New Age Spirituality

A decentralized spiritual milieu that emerged in the 1970s, blending Eastern practices, Western esotericism, and holistic healing with a belief in the dawning Age of Aquarius.

What is New Age Spirituality?

New Age spirituality is a range of spiritual and religious practices and beliefs that rapidly grew in Western society during the early 1970s, characterized by its highly eclectic and unsystematic structure. Though many scholars consider it a religious movement, its adherents typically see it as spiritual or as a unification of mind, body, and spirit, and rarely use the term New Age themselves. Theologically, the New Age typically accepts a holistic form of divinity that pervades the universe, including human beings themselves, leading to a strong emphasis on the spiritual authority of the self. A common New Age belief posits a forgotten age of great technological advancement and spiritual wisdom that will be remedied by the emergence of an Age of Aquarius, from which the milieu gets its name.

Origins & lineage

The New Age drew heavily upon esoteric traditions such as the occultism of the eighteenth and nineteenth centuries, including the work of Emanuel Swedenborg and Franz Mesmer, as well as Spiritualism, New Thought, and Theosophy, and more immediately arose from mid-20th-century influences such as the UFO religions of the 1950s, the counterculture of the 1960s, and the Human Potential Movement. Helena Blavatsky was a cofounder of the Theosophical Society in 1875 and announced a coming New Age. Alice Bailey wrote about 25 books on Theosophy and was one of the first writers to use the term New Age. Scholar Gordon Melton wrote that Theosophy, particularly as mediated through the works of Alice Bailey, was the most important source of the transformative metaphor and the term “New Age” for the movement.

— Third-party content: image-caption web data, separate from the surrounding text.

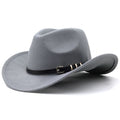 HARALD Men's Straw Cowboy Hat in Gray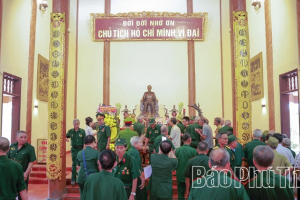 Phú Thọ: Kỷ niệm 79 năm Ngày Thương binh - Liệt sĩ với nhiều hoạt động ý nghĩa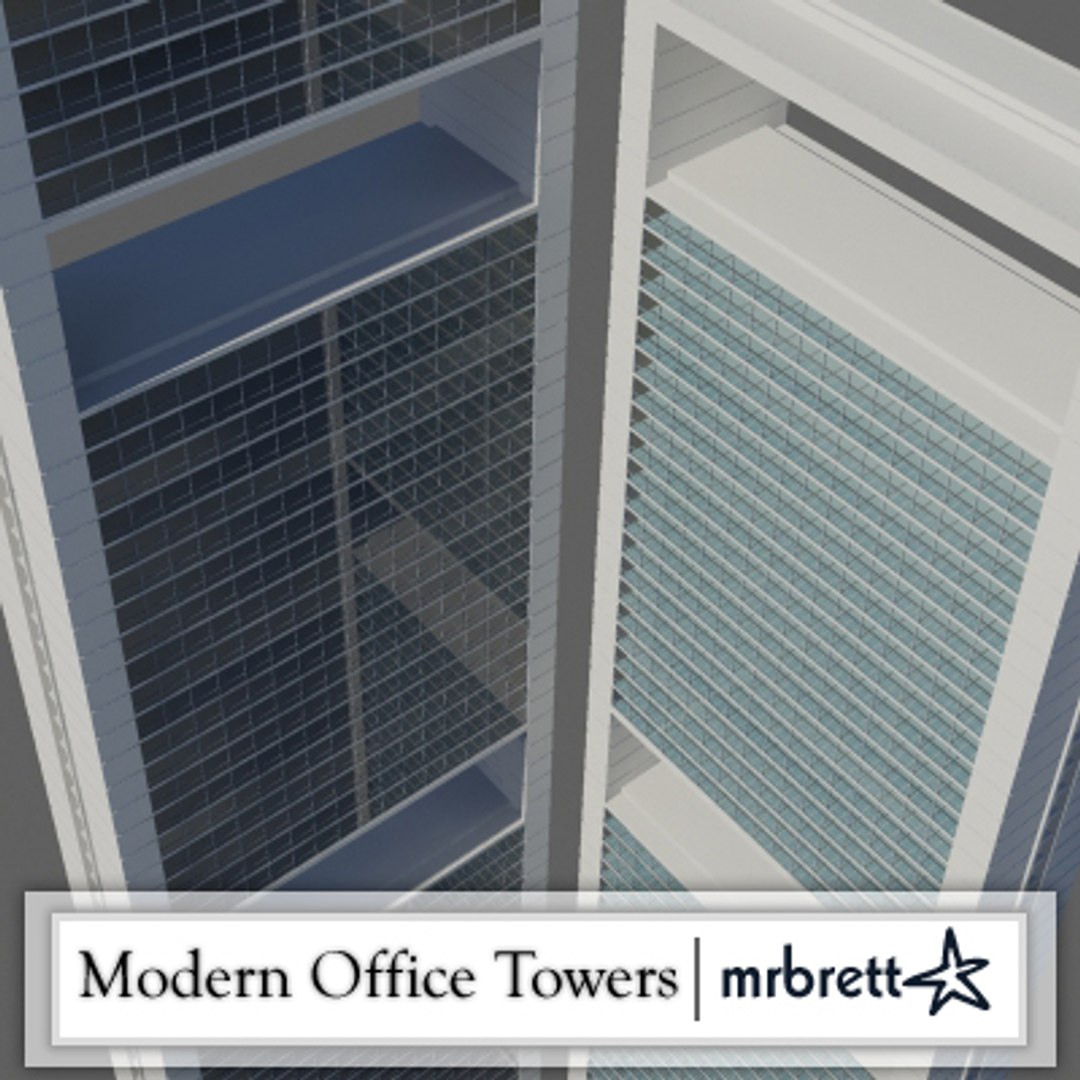 3d Modern Office Tower Complex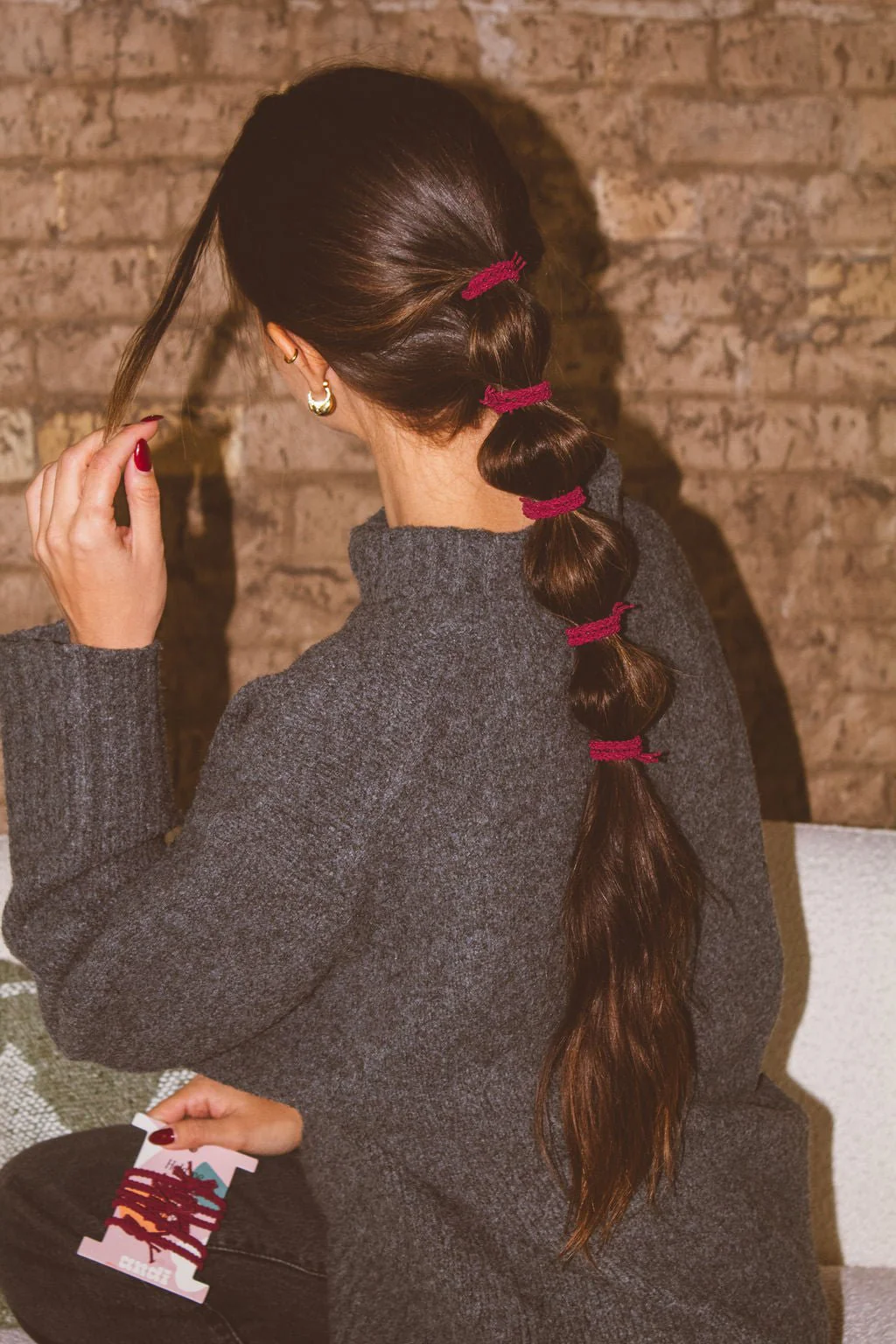 Rustic Braided Hair Ties 5-pack - Image 17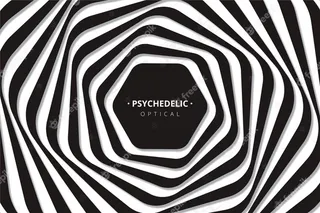 带有迷幻错觉的背景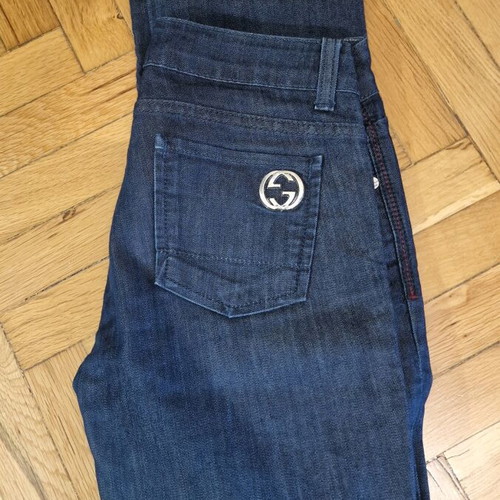 Gucci Vintage Jeans Size 27 Refurbished Dark Blue Cotton
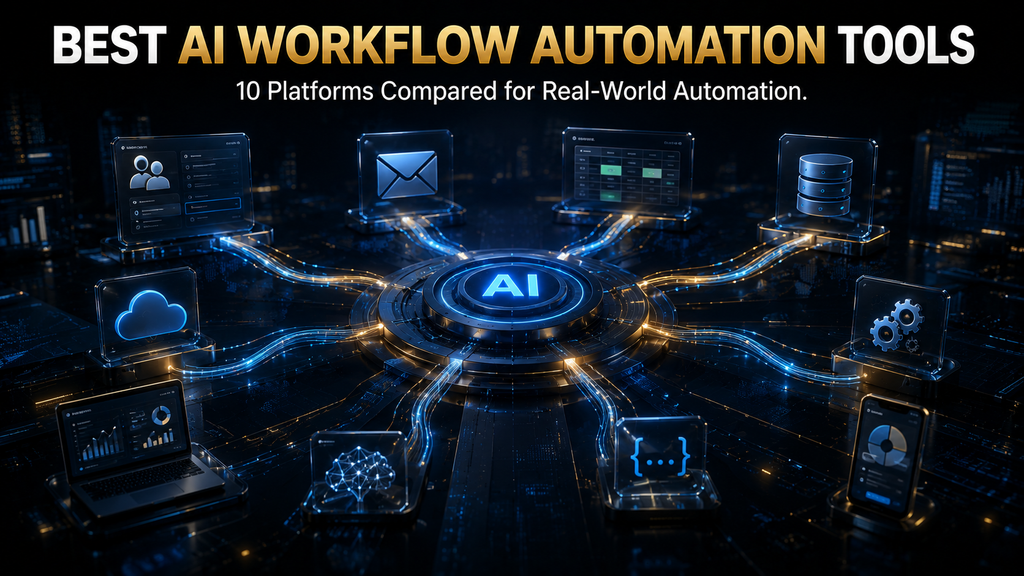 Best AI workflow automation tools connected across business applications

The movement’s exact origins remain contested, but it became a major movement in the 1970s, centered largely in the United Kingdom, expanding widely in the 1980s and 1990s. Key developments included David Spangler’s ideas at the Findhorn Foundation in 1970, which emphasized personal transformation to usher in the New Age. The term was popularized in books like David Spangler’s 1977 work Revelation: The Birth of a New Age, Mark Satin’s 1979 book New Age Politics, and Marilyn Ferguson’s 1980 book The Aquarian Conspiracy, which has been regarded as a landmark work promoting the idea that a new era was emerging. Many former members of the 1960s counterculture and hippie subculture subsequently became early adherents of the New Age movement.

How it’s practiced

The movement encompasses traditional occult practices such as tarot reading, astrology, yoga, and meditation techniques, integrating concepts from Eastern religions like those found in Hinduism and Buddhism, and incorporating alternative healing practices, spiritual healing, and techniques like channeling and the use of crystals. There is a common belief in a variety of semi-divine non-human entities such as angels, with whom humans can communicate, particularly by channeling through a human intermediary. Examples of New Age channeling include Jane Roberts’ belief that she was contacted by an entity called Seth, and Helen Schucman’s belief that she had channeled Jesus Christ.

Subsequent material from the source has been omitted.